Though Schieber, who is from Kildare, recently had to pay $12,000 for repairs to his combine and said higher fuel prices are cutting into his profits, he said the investment in the combine was worth it.
"I just love what I am doing," he said. "I have to pay for repairs and have to pay a lot of interest on the equipment, but you know what, it sure is fun."
Barry Nelson, a spokesman with John Deere & Co., said operator comfort has been one of the company's priorities throughout the years of redevelopment.
"Our main goals have always been to increase capacity by producing more bushels, covering more acres in less time and making the operator more comfortable since they are the ones spending long days out there in it," he said.
And Nelson said the company is working every day to make the combines even better than they are now. Though the newer combines have significantly increased in price over the years, Nelson said farmers get out of them what they pay for.
"Yes, combines are expensive, but they are also doing more than they ever have before. Now, when farmers buy a combine, they can cover two to three older machines," he said. "If you compare the cost per acre, it is still a very good investment. Farm equipment is expensive, but for the large operations, that is all figured into the costs of running their operations and getting more efficiency out of the machines. Otherwise we wouldn't be selling many combines."
Nelson said one of the newest functions of the combines is the GPS tracking system, which essentially steers the combines by satellite to minimize overlap during harvest.
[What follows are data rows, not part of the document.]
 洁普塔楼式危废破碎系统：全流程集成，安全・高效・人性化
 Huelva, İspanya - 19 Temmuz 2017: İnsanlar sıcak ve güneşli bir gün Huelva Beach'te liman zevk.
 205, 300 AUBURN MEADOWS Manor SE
He said the satellite can reduce overlap to as little as 4 inches, which saves the harvester time and, in the end, money.
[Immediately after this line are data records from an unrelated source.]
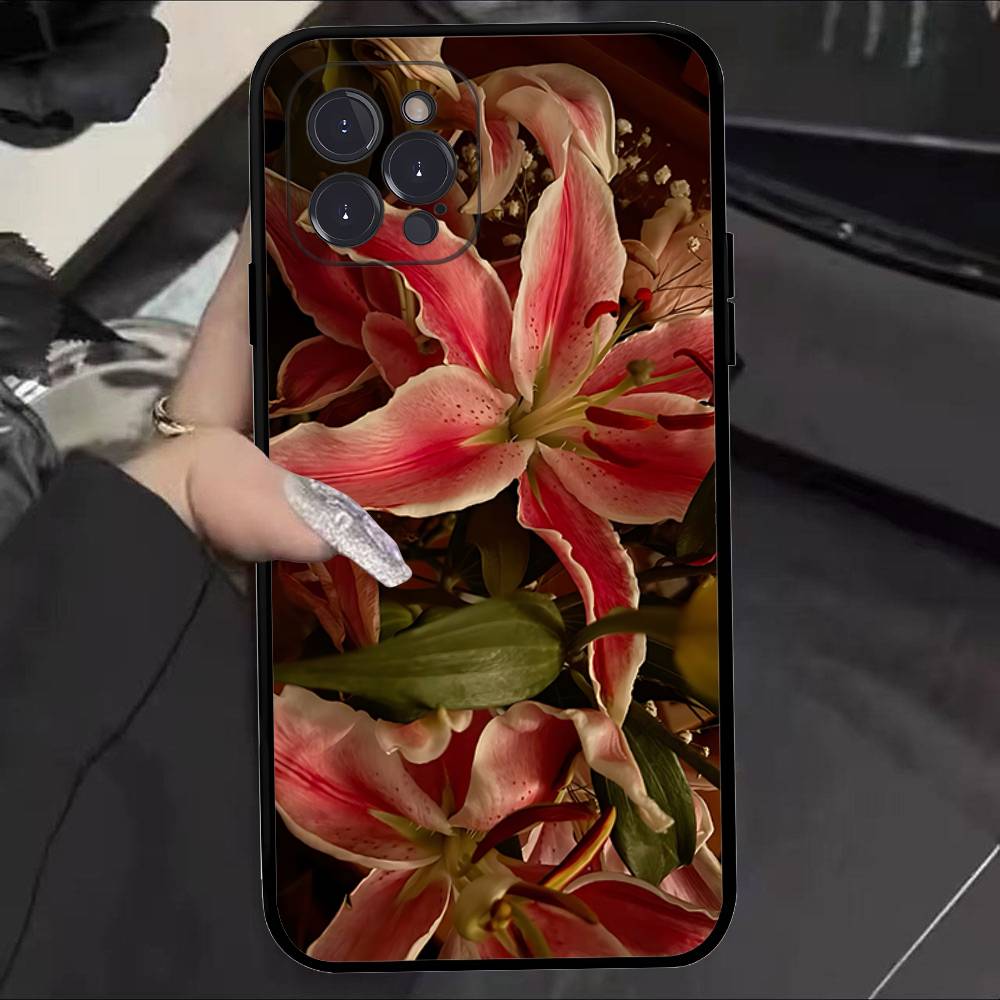 Painting Lily Flowers Phone Case For IPhone 17 16 15 14 11 12 13 Mini Pro XS Max Plus Funda Shell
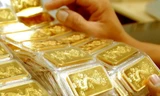 Nghỉ lễ, giá vàng tăng nhẹ, USD đi ngang
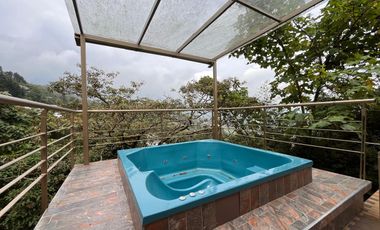 Arriendo de casa en Loma del Escobero, Envigado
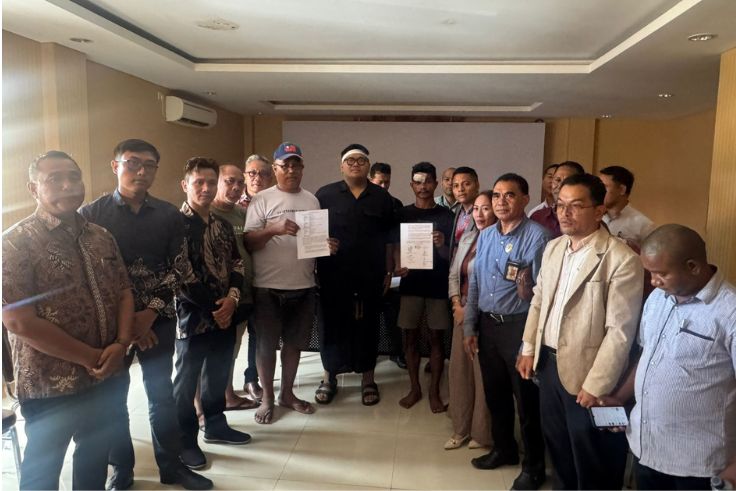 BADUNG, BALINEWS.ID – Ratusan warga Jimbaran menggelar aksi solidaritas terkait kasus pengeroyokan di Perumahan Puri Gading, Kelurahan Jimbaran. Aksi yang berl…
"We are constantly asking, can you produce a machine that is more efficient in the field, cover more acres in less time, move faster, take on more bushels and at the same time make it more user-friendly? There are still things we can do to improve, we are not perfect," he said.
But some farmers have complained that the new machines are harder to clean, meaning invasive grasses can be spread from field to field during the harvesting process.
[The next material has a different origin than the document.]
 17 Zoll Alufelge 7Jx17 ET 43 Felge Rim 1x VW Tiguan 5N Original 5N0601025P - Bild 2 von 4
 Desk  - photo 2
Apache wheat farmer Paul Jackson said he requires his custom harvesters to come to his 1,800 acres first, so the combines are completely clean and not tracking any invasive grasses up from Texas.
Jackson said one of the first combines he owned in the 1960s cost about $7,000. In 1980, he said he spent about $50,000 purchasing a new one. Now, combines can run upward of $200,000, so Jackson relies on custom harvesters to do all of his cutting so he can save on equipment costs.
Jackson said it costs him about $40,000 to pay custom harvesters to cut and haul the wheat in his field, which typically produces about 90,000 bushels.
"I just can't justify owning one," he said.